Nigeria and the rest of Africa must develop a transition strategy and agenda focusing more on decarbonising energy sources rather than abandoning of natural resources as canvassed by the developed economies.
The executive director, Governance and Sustainability with Sahara Group, Ejiro Gray who made the call during a session with the media in Abuja, insisted that Nigeria and Africa cannot afford to sacrifice development for climate change, following the state of backwardness in the continent.
While noting that changing technologies and policies were usually the catalysts for energy transitions which were never a complete switch from the old source of energy nor an immediate action plan, she listed reduction of greenhouse emission, improvement of public health, the use of inexhaustible energy and creation of jobs and economic benefits as key reasons why the world embraced energy transition.
Gray, who warned that continued dependence on the transition agenda and strategy of developed countries may not augur well for Africa’s development, noted that struggling African countries including Nigeria who were listed amongst developing risk economies need advice on how best to reach their own energy transition goals.
She said: “Unfortunately, the way we’ve developed our resources over time has not favoured development in this part; we just extract and export so technically, we are so reliant on these other economies and for as long as you don’t have something tangible you are selling to also make your currency strong and reduce import dependency, you are going to be at the mercy of the dollar.
“So it’s one of the reasons why I would say let’s take energy transition seriously but in our own way.
We should take it seriously in Africa; what is our own agenda in the continent, how intentional are we about driving development?
Let’s start truly developing our continent with our resources because the people clamouring for energy transition are using our resources to develop their economy.

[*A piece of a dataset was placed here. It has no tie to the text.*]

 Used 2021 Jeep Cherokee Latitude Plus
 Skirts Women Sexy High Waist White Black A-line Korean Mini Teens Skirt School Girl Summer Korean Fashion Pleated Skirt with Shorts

“If we are going to take it seriously we cannot come from the angle that the West is coming from, we cannot be preaching about climate change because that is not the most severe of our problems. Whether we like it or not people are hungry, they just want development so if you’re talking to them about climate change, they’re not going to listen to you. Let’s address it from our own perspective from what actually works for us.
“Advise us on how best we can achieve our goal but we determine the goal and the speed that will get us to our destination.
“We can choose to go with your advice, we can choose not to without you penalising us for not going with you and that is what we don’t have because we don’t really have the funding even in terms of policy formulation we need assistance because it’s new to us. Those are the kinds of things that we need them to help us with.
“But we just now decide what our strategy is. Enough of the pity party it will not get us anyway. How can we sort of insulate ourselves as a continent from you can’t do it 100 per cent?
“There will always be some reliance but at least not to the point where we’re at. We are constantly at their mercy because right now any small shaking will bring the economies especially in Sub Saharan Africa to their knees.”
Speaking further, the Sahara Group Executive charged the media bring out the real issues, drive an energy transition narrative that works for Nigeria and Africa by educating people on what was important and what would work for the country and continent, rather than join “the bandwagon with whatever narrative the west is pushing.”
Gray who disclosed that Sahara Group was focused on gas, however frowned at the deficit of gas infrastructure in the country, and the non implementation of policies aimed at domesticating the use of gas in the country.
“The problem is with gas we need infrastructure and like the oil sector, so much of our gas has been focused on either flaring or export. We have the laws, we intend to implement these laws but we then find out we seem to be entering transactions that seem to oppose the policy we say we have enacted. To drive domestic gas utilisation, infrastructure is key.”
While noting that Sahara Group supplies at least 25 percent of Nigeria’s power supply, she added, “apart from gas to power we want to ensure we can push it to industries for manufacturing and as auto gas develops, we need to be able to push that as well.”